Data excerpts:
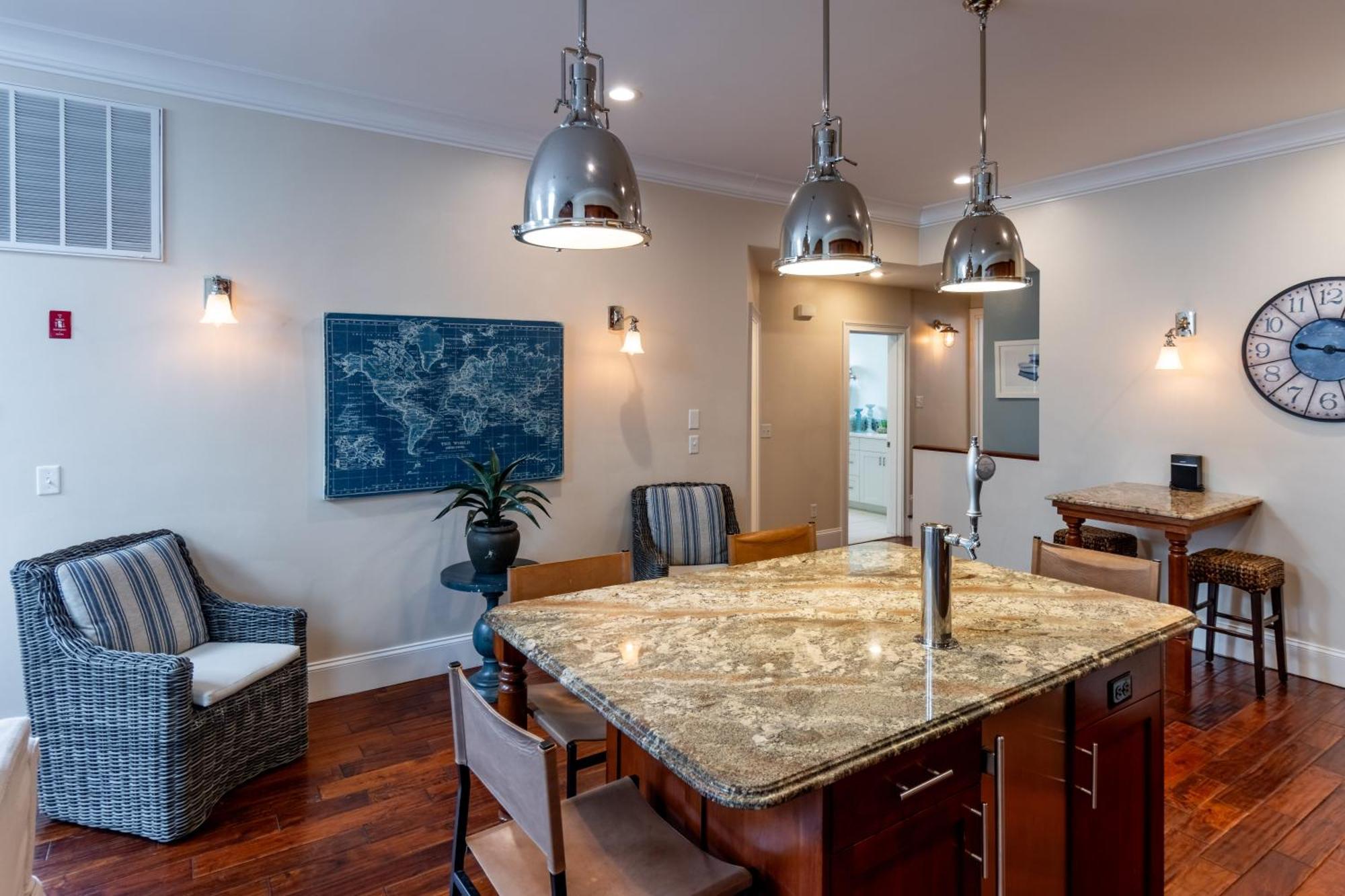 Апартаменты The Newport Lofts - 548 Thames Street Экстерьер фото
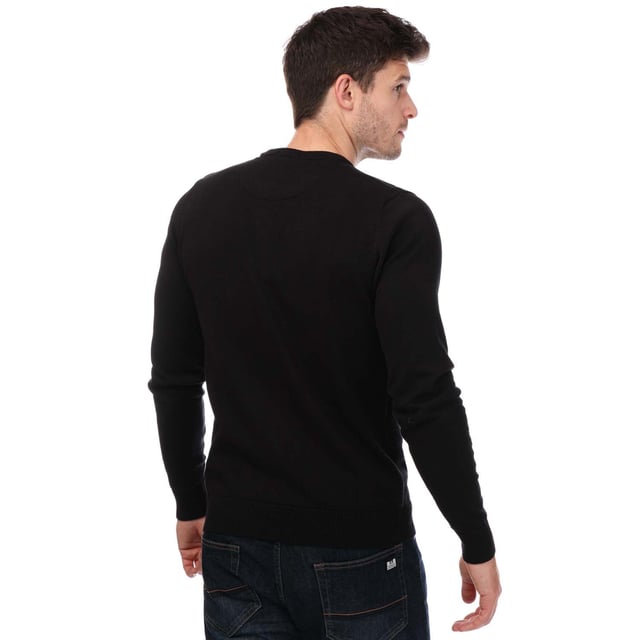 Mens Weekend Offender Argentina Cotton Crew Knit in black.- Crew neck.- Ribbed cuffs & hem.- Weekend Offender badge branding.- Regular fit.- 100% Cotton.- Ref: WOSKW511B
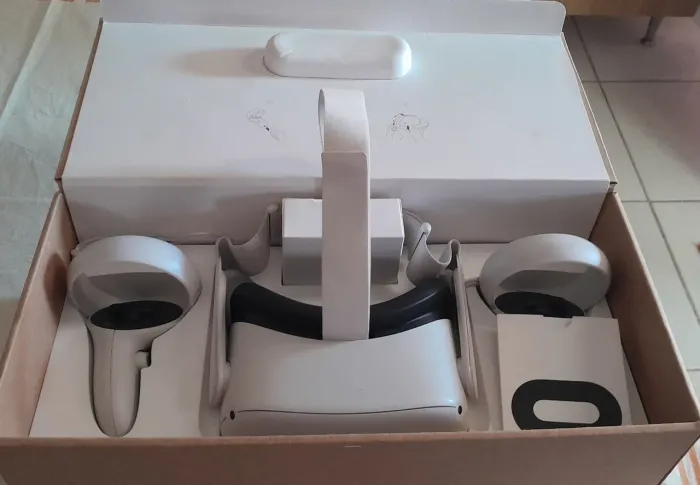 Meta Quest 2 VR - Pouquíssimo Uso, Caixa Original e Acessórios de Fábrica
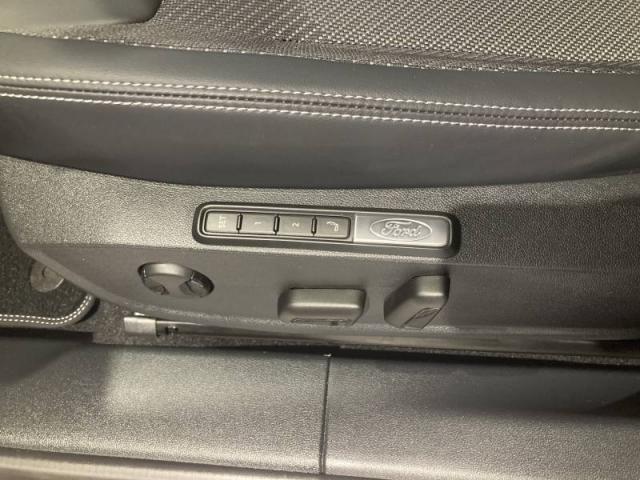 Ford Explorer image 6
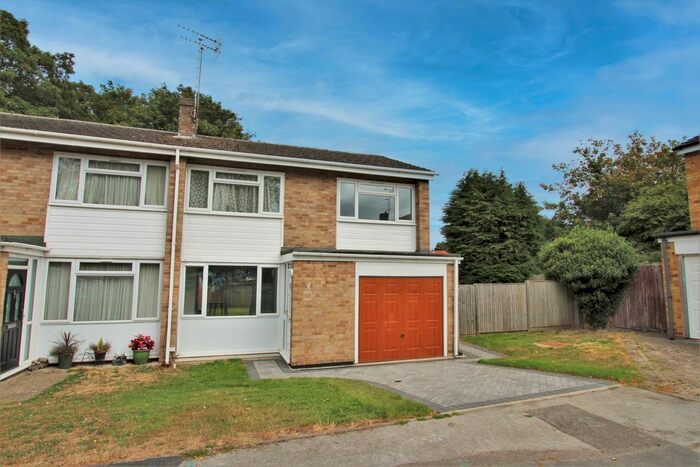 3 Bedroom Semi-Detached House To Rent In Peel Close, Caversham, Reading, RG4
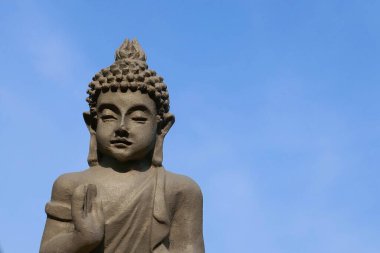 Mavi gökyüzü arka planında Buda heykeli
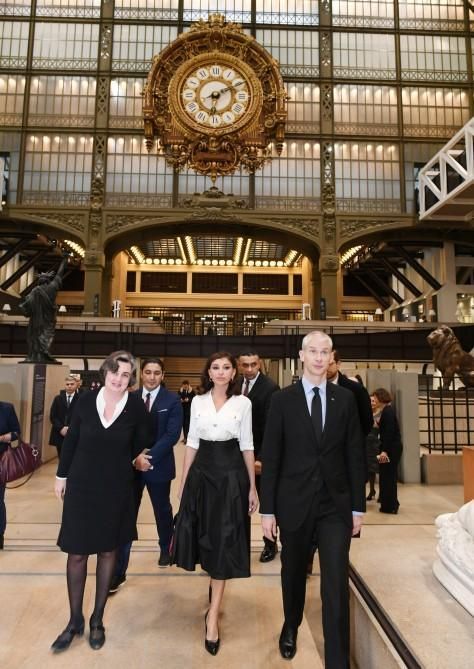 Birinci vitse-prezident Mehriban Əliyeva Fransanın mədəniyyət naziri Frank Riyester ilə Orsey muzeyini ziyarət edib - FOTO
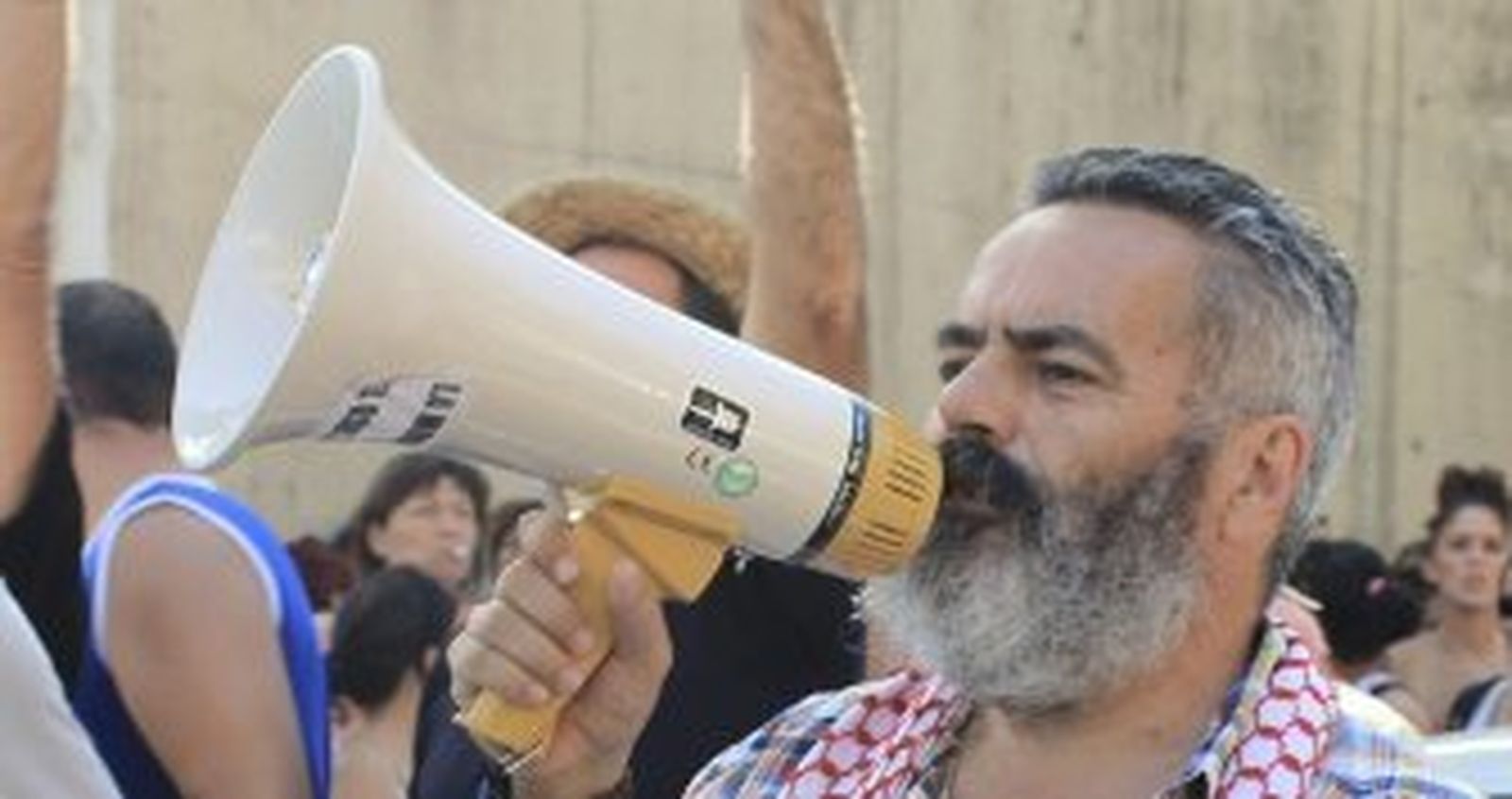 El alcalde de Marinaleda, Sánchez Gordillo, tras el asalto al supermercado de Écija./ Manuel Rodríguez/ Efe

> _Task requirements_:
Your reply should hold only the records, duplicated exactly, without any image.

> _Result below_:
 Апартаменты The Newport Lofts - 548 Thames Street Экстерьер фото
 Mens Weekend Offender Argentina Cotton Crew Knit in black.- Crew neck.- Ribbed cuffs & hem.- Weekend Offender badge branding.- Regular fit.- 100% Cotton.- Ref: WOSKW511B
 Meta Quest 2 VR - Pouquíssimo Uso, Caixa Original e Acessórios de Fábrica
 Ford Explorer image 6
 3 Bedroom Semi-Detached House To Rent In Peel Close, Caversham, Reading, RG4
 Mavi gökyüzü arka planında Buda heykeli
 Birinci vitse-prezident Mehriban Əliyeva Fransanın mədəniyyət naziri Frank Riyester ilə Orsey muzeyini ziyarət edib - FOTO
 El alcalde de Marinaleda, Sánchez Gordillo, tras el asalto al supermercado de Écija./ Manuel Rodríguez/ Efe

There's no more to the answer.